Siyasetin özünü halkın oluşturduğuna vurgu yapan Kılıçdaroğlu, "Her
alanda bizim başarılı yöneticilerimiz var. Yazarlarımız,
sinemacılarımız, tarımcımız, iş adamımız var. Her alanda başarılı
insanlarımız var. Başarısız olduğumuz tek alan siyaset. Halka en
fazla yalan söyleyeni, hep iktidara getirdik. Ne yapıyoruz biz?
1920 ile 1946 yılları arasında gelişmeler çok önemlidir. Eksikliği,
yanlışları vardır. Ama en azından şunu yaptılar. 1925 Kayseri’de
uçak fabrikası yaptılar. 9 yıl sonra ilk uçak Ankara’ya indi.
Merkez Bankası’nı yaptılar. Sümerbankları Etibankları kurdular.
Şimdi biz yabancılara satıyoruz. Yabancı sermaye geliyor. Bankaları
satın alıyor. Şimdi kâr yurt dışına gidecek. Yeni fabrika
kursunlar, yeni istihdam kursunlar. Hayır ben faize geliyorum
diyorlar. Bunu hepimizin düşünmesi lazım. Sonuçta kaybeden
sizlersiniz" şeklinde konuştu.
"İNANÇ VE ETNİK KİMLİK ÜZERİNDEN SİYASET YAPILMAZ"
Suriye meselesine de değinen Kılıçdaroğlu, "Suriye ile alıp
veremediğimiz nedir? Hangi gerekçe ile düşman olduk. Reyhanlı’da 52
yurttaş öldü, Cilvegözü’nde 14 kişi, sınırda 1 polis şehit oldu.
Askerlerin kafasına çuval geçirildi. Türkiye Cumhuriyeti’nde böyle
bir şey gördünüz mü? Bu kadar menfur olayın olduğunu gördünüz mü?
Askerinin başına çuval geçirildiği zaman sesini çıkarmayan mı?
Yoksa ’Afyon ekmeyeceksiniz’ diyene ’ekeceğiz’ diyen kişi mi
ülkesini daha çok seviyor? Bunu bilmemiz gerekiyor; inanç üzerinden
siyaset, en tehlikeli siyasettir. Etnik kimlik konusunda da siyaset
yapmak tehlikelidir. Siyasetin konusu vatandaşın derdidir. Bu
ülkede yaşıyorsak devlet işsiz olana iş bulmak zorundadır. Üretiyor
çiftçi, bırak üretsin. Devlet olarak senin görevin budur.
Vatandaşın kimliğiyle uğraşamazsın sen. Bunu yaparsan vatandaşı
bölersin, bölücülük yaparsın" ifadelerini kullandı.

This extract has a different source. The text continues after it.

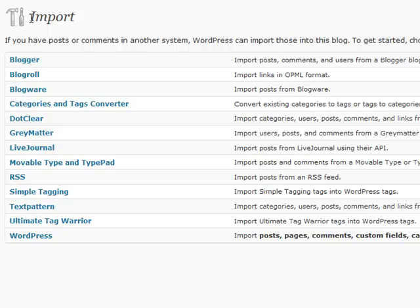If you're migrating from a different blogging software such as Blogger or LiveJournal or maybe even another version of WordPress that you use on another site, this is a really handy tool to use. You want to go to Tools and go to Import. Let's say if we were going from another WordPress install.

Ülkenin yeni bir anlayışa ihtiyacı olduğunu dile getiren
Kılıçdaroğlu, şunları söyledi: "Yeni bir yönetime, kul hakkı, yetim
hakkı yemeyen, vatandaşın derdini çözen, ne kimlik ne etnik ayrımı
yapan, her vatandaşını başının üstünde kabul eden yeni bir anlayışa
ihtiyacımız var. Bunun yolu sizin düşüncenizden geçer. Beraber
düşüneceğiz. Siyaset vurmakla, kırmakla olmaz. Siyaset bir
yarıştır. Siyaset, ülkenin yararına yapılan bir yarıştır.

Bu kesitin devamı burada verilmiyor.